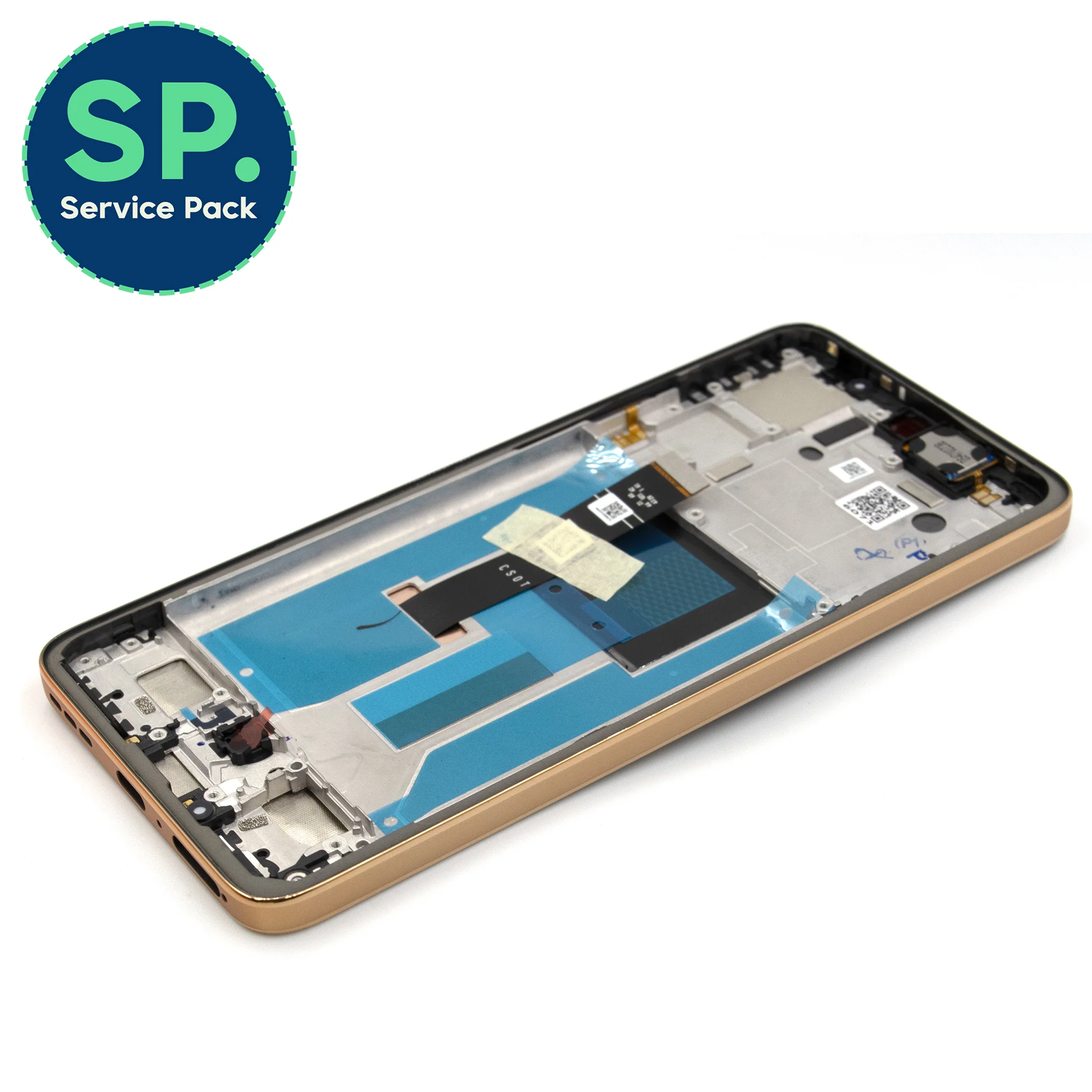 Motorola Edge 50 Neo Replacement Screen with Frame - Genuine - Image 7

◆ ◆ ◆

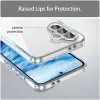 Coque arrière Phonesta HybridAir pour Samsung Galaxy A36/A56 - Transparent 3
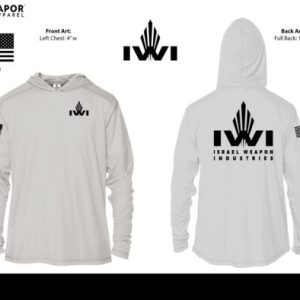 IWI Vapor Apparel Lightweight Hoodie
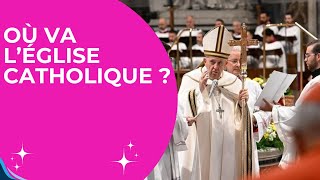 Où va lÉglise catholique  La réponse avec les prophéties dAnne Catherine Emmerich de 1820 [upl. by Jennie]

◆ ◆ ◆

Aim of the exercise →
Though the entries above contain pictures, none should be copied; reproduce only the lines between the one holding "IWI Vapor Apparel Lightweight Hoodie" and the one holding "Où va lÉglise", inclusive, exactly as written.

Finished exercise →
 IWI Vapor Apparel Lightweight Hoodie
 Où va lÉglise catholique  La réponse avec les prophéties dAnne Catherine Emmerich de 1820 [upl. by Jennie]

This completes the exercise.